[SUPPLIED MATERIAL — start]

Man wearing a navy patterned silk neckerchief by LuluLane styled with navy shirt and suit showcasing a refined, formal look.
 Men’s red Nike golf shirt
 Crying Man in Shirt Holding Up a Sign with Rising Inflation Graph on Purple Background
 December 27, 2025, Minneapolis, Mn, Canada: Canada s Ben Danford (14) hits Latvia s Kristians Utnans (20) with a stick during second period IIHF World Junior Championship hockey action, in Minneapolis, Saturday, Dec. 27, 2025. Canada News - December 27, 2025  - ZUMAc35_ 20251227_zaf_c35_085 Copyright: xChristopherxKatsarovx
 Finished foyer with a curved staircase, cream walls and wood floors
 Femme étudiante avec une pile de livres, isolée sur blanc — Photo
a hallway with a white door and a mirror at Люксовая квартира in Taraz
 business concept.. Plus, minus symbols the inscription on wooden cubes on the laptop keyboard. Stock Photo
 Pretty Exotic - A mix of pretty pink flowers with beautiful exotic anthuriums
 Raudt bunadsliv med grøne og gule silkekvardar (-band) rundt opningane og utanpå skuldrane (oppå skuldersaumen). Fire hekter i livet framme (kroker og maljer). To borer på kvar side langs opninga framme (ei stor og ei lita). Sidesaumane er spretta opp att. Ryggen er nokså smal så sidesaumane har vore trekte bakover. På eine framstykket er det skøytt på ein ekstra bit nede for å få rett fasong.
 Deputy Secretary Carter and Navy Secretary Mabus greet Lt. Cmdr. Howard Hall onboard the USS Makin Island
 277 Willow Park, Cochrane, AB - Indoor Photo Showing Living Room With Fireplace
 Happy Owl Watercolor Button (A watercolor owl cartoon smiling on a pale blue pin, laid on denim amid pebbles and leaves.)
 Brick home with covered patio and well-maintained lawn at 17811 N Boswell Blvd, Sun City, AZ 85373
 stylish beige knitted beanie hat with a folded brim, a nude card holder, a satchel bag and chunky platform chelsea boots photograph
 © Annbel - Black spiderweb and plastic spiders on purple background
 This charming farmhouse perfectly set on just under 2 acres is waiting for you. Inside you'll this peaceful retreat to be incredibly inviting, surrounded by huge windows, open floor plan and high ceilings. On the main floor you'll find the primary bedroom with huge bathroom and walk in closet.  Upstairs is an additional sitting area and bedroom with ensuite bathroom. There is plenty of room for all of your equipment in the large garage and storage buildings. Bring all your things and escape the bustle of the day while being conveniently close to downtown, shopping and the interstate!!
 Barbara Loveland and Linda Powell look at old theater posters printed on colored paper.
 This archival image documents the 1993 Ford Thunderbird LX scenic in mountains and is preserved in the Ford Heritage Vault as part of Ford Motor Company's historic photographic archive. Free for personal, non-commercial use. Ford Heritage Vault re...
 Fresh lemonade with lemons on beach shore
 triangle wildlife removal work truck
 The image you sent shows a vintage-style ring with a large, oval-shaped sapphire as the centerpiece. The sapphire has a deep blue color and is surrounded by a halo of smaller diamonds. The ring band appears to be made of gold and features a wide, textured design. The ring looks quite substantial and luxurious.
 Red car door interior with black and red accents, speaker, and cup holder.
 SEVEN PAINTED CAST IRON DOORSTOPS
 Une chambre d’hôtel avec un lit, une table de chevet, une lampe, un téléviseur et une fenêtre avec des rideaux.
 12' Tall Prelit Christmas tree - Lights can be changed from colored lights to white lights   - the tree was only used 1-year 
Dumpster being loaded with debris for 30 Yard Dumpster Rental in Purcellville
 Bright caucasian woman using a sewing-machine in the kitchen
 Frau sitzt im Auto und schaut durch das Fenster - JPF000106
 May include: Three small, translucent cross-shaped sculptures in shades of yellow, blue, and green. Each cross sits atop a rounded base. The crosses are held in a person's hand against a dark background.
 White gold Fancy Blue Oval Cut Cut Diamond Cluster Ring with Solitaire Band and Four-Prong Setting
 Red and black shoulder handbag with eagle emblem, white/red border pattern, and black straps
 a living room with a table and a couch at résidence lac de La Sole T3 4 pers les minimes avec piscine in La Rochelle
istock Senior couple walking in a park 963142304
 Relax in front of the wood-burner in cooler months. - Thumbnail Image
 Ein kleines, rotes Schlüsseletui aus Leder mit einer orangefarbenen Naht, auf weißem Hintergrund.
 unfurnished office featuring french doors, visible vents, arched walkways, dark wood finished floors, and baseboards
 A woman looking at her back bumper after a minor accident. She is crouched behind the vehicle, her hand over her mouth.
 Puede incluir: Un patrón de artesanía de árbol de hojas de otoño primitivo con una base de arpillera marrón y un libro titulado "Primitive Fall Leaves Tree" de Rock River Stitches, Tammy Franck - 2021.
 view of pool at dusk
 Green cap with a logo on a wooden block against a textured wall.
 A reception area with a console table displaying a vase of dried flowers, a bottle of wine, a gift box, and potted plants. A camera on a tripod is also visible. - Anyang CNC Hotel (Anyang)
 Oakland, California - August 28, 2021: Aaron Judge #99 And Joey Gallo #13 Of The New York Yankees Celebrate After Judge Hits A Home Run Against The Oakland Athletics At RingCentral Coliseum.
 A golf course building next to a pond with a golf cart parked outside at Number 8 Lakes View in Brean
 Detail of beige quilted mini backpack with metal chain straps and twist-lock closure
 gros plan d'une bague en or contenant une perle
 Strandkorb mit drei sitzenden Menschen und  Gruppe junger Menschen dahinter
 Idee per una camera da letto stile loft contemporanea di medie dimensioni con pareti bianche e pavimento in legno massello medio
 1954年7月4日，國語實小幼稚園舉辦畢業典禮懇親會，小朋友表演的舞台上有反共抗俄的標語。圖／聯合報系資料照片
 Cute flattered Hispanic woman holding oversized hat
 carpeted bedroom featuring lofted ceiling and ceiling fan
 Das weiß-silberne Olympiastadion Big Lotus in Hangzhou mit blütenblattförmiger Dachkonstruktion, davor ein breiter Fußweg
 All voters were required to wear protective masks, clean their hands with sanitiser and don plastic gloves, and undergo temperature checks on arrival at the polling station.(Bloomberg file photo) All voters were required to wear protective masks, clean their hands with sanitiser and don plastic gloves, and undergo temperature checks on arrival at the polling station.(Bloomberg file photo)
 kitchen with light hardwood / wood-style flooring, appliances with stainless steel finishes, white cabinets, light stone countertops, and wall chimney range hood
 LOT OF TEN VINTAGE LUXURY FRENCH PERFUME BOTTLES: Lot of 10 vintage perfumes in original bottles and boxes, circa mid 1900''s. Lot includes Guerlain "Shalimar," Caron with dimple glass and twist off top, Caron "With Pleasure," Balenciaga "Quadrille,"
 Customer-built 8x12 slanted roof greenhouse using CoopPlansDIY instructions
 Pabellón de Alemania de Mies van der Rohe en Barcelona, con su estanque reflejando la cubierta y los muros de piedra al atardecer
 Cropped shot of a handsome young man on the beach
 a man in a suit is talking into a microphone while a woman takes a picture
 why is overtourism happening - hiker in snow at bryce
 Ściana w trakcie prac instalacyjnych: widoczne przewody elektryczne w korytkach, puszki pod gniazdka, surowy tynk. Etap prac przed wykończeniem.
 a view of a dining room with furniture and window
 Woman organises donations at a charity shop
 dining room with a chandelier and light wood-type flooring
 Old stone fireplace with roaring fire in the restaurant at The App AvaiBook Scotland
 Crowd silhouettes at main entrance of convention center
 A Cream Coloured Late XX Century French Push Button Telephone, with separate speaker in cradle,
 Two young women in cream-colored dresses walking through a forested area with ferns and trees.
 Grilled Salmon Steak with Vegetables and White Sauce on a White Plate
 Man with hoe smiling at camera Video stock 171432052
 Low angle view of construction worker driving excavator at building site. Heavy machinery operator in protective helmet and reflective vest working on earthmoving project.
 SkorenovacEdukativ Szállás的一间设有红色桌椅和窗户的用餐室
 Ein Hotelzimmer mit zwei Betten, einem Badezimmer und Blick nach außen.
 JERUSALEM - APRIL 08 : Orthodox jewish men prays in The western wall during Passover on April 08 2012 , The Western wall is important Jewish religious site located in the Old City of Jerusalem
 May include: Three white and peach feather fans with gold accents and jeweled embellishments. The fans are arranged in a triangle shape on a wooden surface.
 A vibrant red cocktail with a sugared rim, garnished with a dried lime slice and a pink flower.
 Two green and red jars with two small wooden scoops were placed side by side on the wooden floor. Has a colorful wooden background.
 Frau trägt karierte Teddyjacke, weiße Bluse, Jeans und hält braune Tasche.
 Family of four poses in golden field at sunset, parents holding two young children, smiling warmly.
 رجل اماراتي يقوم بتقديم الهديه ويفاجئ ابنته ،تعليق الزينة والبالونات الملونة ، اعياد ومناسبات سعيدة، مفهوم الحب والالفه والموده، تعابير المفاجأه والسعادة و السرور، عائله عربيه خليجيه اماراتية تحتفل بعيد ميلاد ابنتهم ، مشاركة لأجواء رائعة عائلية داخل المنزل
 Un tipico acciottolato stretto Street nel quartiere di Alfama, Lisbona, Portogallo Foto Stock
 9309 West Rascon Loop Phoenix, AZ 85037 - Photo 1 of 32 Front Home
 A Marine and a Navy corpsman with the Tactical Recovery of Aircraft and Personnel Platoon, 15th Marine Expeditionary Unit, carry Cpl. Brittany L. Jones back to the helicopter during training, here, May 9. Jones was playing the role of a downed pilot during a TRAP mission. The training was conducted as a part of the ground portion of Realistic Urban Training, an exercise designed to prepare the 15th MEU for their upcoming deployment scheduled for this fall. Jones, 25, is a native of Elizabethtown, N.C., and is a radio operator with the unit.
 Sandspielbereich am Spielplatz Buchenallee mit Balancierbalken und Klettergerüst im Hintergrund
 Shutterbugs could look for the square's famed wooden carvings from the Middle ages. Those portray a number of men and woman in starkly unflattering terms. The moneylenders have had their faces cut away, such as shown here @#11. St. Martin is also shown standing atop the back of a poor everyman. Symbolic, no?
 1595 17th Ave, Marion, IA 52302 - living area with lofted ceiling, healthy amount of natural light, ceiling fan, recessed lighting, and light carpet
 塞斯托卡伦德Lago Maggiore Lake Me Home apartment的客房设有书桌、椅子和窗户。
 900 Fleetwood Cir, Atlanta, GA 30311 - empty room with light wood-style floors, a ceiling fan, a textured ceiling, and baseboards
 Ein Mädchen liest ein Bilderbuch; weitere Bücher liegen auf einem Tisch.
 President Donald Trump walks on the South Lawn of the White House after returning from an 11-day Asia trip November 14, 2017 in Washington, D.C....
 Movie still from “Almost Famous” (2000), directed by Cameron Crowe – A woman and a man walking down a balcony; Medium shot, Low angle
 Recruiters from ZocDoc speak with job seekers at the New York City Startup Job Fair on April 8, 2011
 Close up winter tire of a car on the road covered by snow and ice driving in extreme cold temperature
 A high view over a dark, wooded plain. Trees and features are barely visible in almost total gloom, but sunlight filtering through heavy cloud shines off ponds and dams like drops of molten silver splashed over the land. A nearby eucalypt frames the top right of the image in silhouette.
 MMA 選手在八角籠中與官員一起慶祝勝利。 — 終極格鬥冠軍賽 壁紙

[SUPPLIED MATERIAL — finish]

# TASK REQUIREMENTS
Output only an exact transcription of the lines above from the one with "Bright caucasian woman" up to and including the one with "A woman looking".

# OUTPUT FOR THIS TASK
 Bright caucasian woman using a sewing-machine in the kitchen
 Frau sitzt im Auto und schaut durch das Fenster - JPF000106
 May include: Three small, translucent cross-shaped sculptures in shades of yellow, blue, and green. Each cross sits atop a rounded base. The crosses are held in a person's hand against a dark background.
 White gold Fancy Blue Oval Cut Cut Diamond Cluster Ring with Solitaire Band and Four-Prong Setting
 Red and black shoulder handbag with eagle emblem, white/red border pattern, and black straps
 a living room with a table and a couch at résidence lac de La Sole T3 4 pers les minimes avec piscine in La Rochelle
istock Senior couple walking in a park 963142304
 Relax in front of the wood-burner in cooler months. - Thumbnail Image
 Ein kleines, rotes Schlüsseletui aus Leder mit einer orangefarbenen Naht, auf weißem Hintergrund.
 unfurnished office featuring french doors, visible vents, arched walkways, dark wood finished floors, and baseboards
 A woman looking at her back bumper after a minor accident. She is crouched behind the vehicle, her hand over her mouth.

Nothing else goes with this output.